Exercise prompt: Copy every line of the data exactly, keeping out any picture.

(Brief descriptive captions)
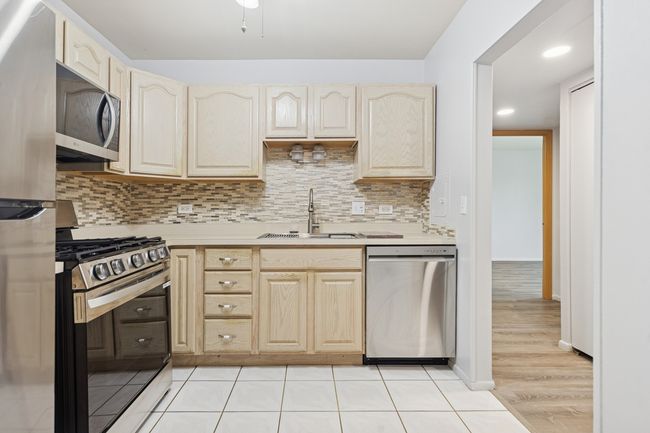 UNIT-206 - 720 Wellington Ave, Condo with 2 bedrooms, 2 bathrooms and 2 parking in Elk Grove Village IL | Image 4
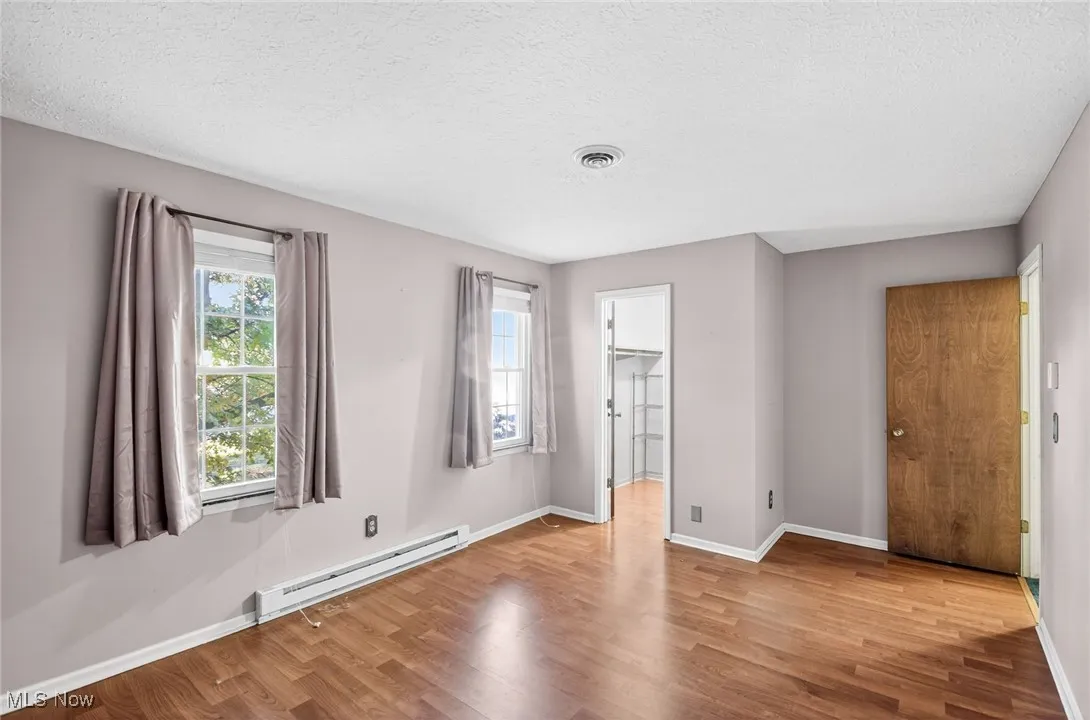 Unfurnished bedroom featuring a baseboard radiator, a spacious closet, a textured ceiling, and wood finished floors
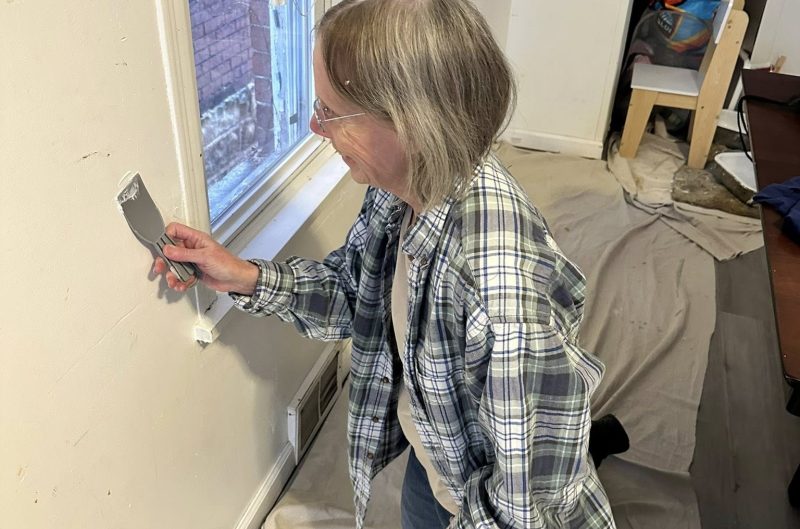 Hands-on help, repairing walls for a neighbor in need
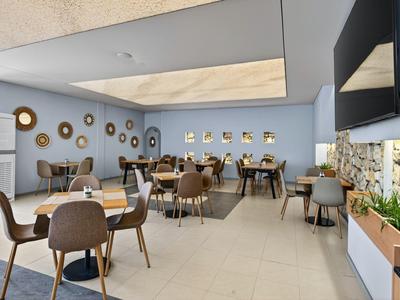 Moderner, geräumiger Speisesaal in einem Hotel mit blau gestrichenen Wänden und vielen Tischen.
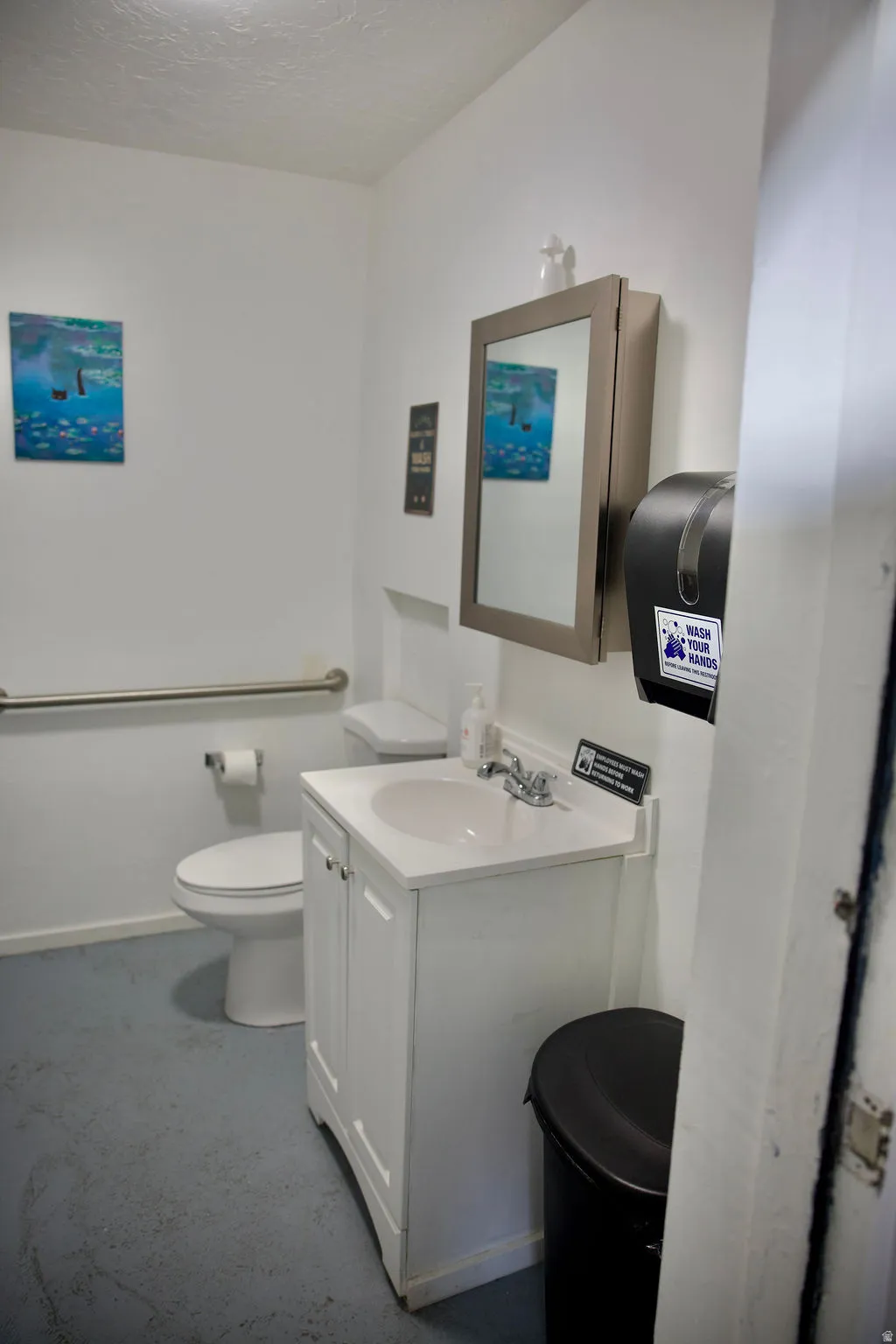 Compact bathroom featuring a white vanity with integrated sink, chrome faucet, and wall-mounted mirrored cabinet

Answer for this exercise:
 UNIT-206 - 720 Wellington Ave, Condo with 2 bedrooms, 2 bathrooms and 2 parking in Elk Grove Village IL | Image 4
 Unfurnished bedroom featuring a baseboard radiator, a spacious closet, a textured ceiling, and wood finished floors
 Hands-on help, repairing walls for a neighbor in need
 Moderner, geräumiger Speisesaal in einem Hotel mit blau gestrichenen Wänden und vielen Tischen.
 Compact bathroom featuring a white vanity with integrated sink, chrome faucet, and wall-mounted mirrored cabinet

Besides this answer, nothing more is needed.